• Requirement
Reproduce from the records below, with no pictures, exactly the lines between the one containing "Mila Valentina online" and the one containing "Cream Microfiber Reversible", inclusive.

• Data for processing
::::::::

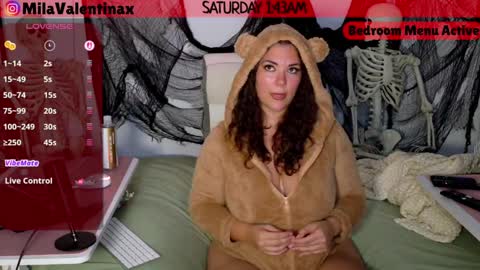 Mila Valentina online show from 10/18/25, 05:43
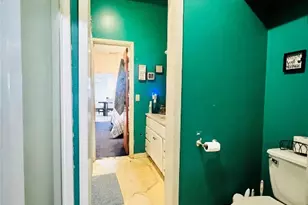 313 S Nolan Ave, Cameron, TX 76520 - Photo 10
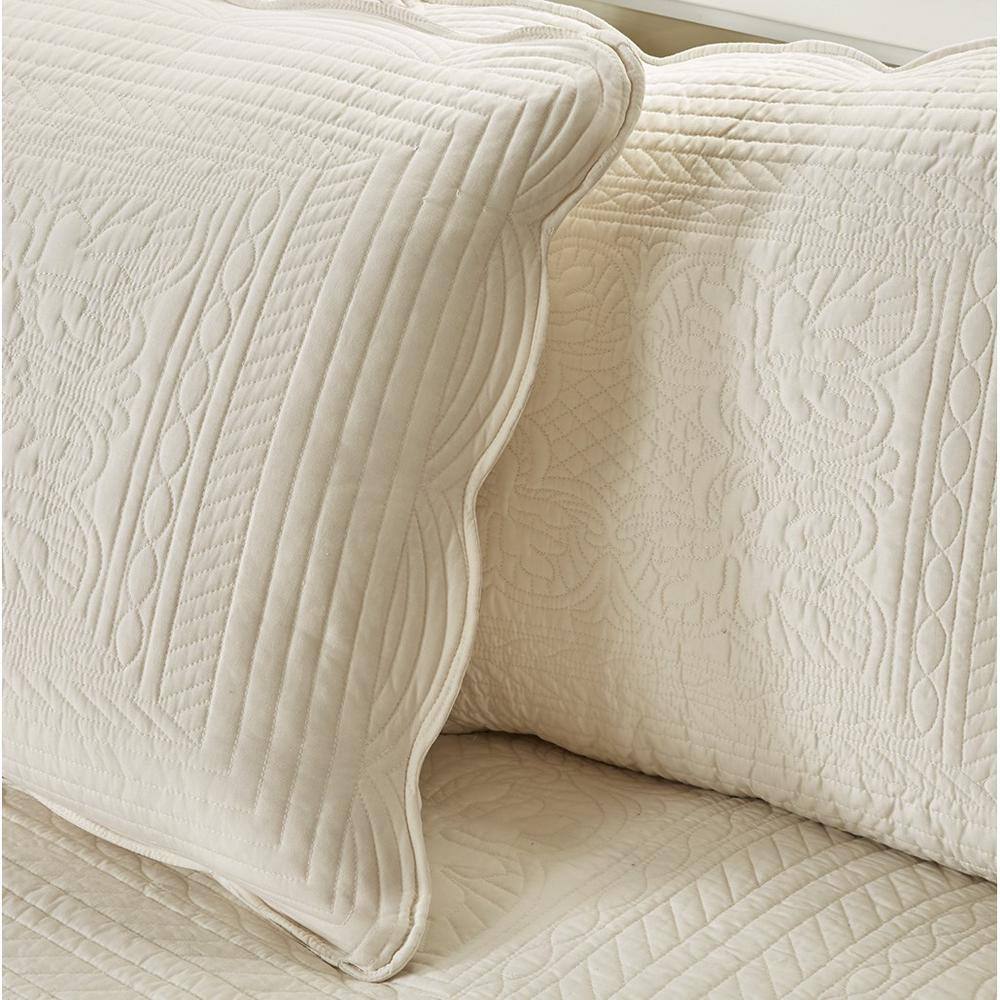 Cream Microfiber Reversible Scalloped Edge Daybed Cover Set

::::::::

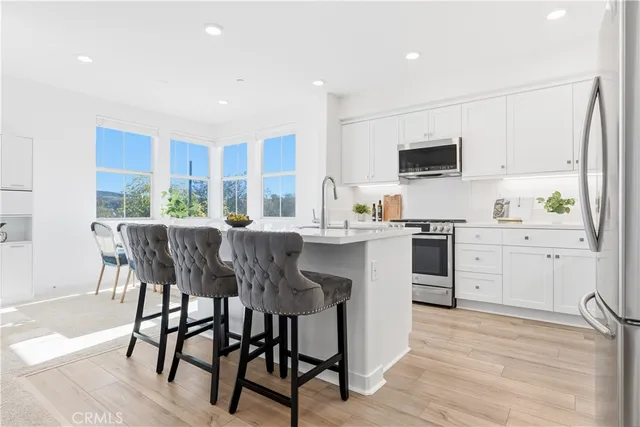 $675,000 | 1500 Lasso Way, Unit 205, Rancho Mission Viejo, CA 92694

::::::::

• Result of the task
 Mila Valentina online show from 10/18/25, 05:43
 313 S Nolan Ave, Cameron, TX 76520 - Photo 10
 Cream Microfiber Reversible Scalloped Edge Daybed Cover Set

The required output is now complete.